Bernd Finken aus Bremen, am 31. Dezember 2015
Saisonbericht 2015/2016
Oh was ging es wieder schnell in diesem Jahr. Kaum hat die Saison begonnen, ist sie auch schon wieder halb rum. Es kann einem wirklich schon fast schwindelig werden. Und doch. Denkt man zurück an den Saisonauftakt, muss man wirklich in sich gehen, um sich an das erste Stück zu erinnern, weil einfach so viel passiert in Weyhe. Obwohl das gar nicht so schwer ist, denn die Saison begann nicht wie bisher mit den Highlights aus der Vorsaison, sondern ging gleich vom ersten Tag an in die Vollen! Und was für ein Start war das erste Stück!
Am 2. September ging es los mit einem Knaller – und hat niemanden bis zum heutigen Tag losgelassen: ‚Ein Traum von Irland’. Von Anfang an lief dieses Stück wie die irische Feuerwehr. Und was seltsam war und ist: es zieht viele Menschen an, die eigentlich gar nicht so wild auf musikalische Stücke sind. Nur die Dorfkneipe von Leenane mit dem schönen Namen „The Harp“, von dem Jack McDoyle und Shane McCardigan, gespielt von den Säulen des Weyher Theaters Frank Pinkus (gleichzeitig auch Autor und Regisseur des Stückes) und Kay Kruppa, Abend für Abend behaupten, er wäre nicht gerade ein Ausbund von Kreativität seitens des Wirtes Tubby Tubson, bildet da eine wirklich außergewöhnliche Ausnahme. Bis dahin völlig unmusikalische Besucher summen schon in der Pause die ersten Melodien mit und drängen sich mit einem Lächeln auf dem Gesicht und einem Song auf den Lippen an die Bar, um die Pause stilecht mit einem ordentlichen Tröpfchen zu beginnen. Und wenn sich das Stück dem Ende zuneigt, dann steht das Publikum wie eine Eins, hört nicht auf zu applaudieren und zeigt den Akteuren auf der Bühne, das auch Nichtsänger aus dem Publikum den Mut aufbringen, dennoch laut und inbrünstig mitzusingen. Wobei auf der Bühne eigentlich nur ein einziger Nichtsänger ist: Tubby Tubson, Wirt, Original und einer der Sympathieträger des Dörfchens. Alle anderen sind sehr wohl Sängerinnen und Sänger. Und was für welche! Von mitreißenden irischen Kneipenliedern bis zu intensiv berührenden Balladen steigern sie sich von Song zu Song. Ein wahrhaft unvergesslicher Abend!

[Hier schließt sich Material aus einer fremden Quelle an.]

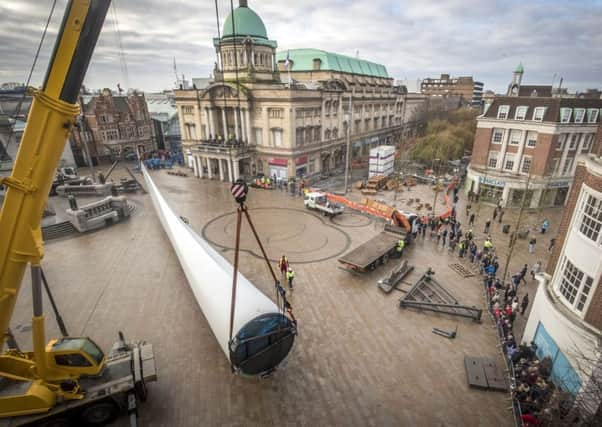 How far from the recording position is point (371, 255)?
19953mm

Für den Darsteller von Tubby Tubson war ‚Ein Traum von Irland’ der Einstand auf der Bühne in Weyhe: Thorsten Hamer. Und er erlebte den Traum von Weyhe, denn was dann passierte, geschieht nicht oft bei dem manchmal etwas drögen norddeutschen Publikum (wir dürfen das sagen, denn wir gehören dazu): Die Herzen flogen ihm sofort zu! Und schon bei dem zweiten Stück, wo er dann wieder eine der tragenden Rollen spielte, gewann er die tiefe Sympathie von (ungelogen) Tausenden von Zuschauern und gehört nun zu den klaren Publikumslieblingen. Auch auf der Bühne gibt es also immer wieder kleine Wunder! Ebenfalls wunderbar war der Einstand von Lisette Groot, die in Irland erstmalig auf der Bühne in Weyhe dabei war. Was für eine Stimme! Und absolut herrlich das Duett Carrickfergus mit Sarah Kluge. Dauergast auf der Bühne bei diesem Stück war Patrick Kuhlmann. Er sagt kein Wort und ist dennoch unverzichtbar mit seiner sensiblen und überzeugenden Begleitung der Sänger an der Gitarre.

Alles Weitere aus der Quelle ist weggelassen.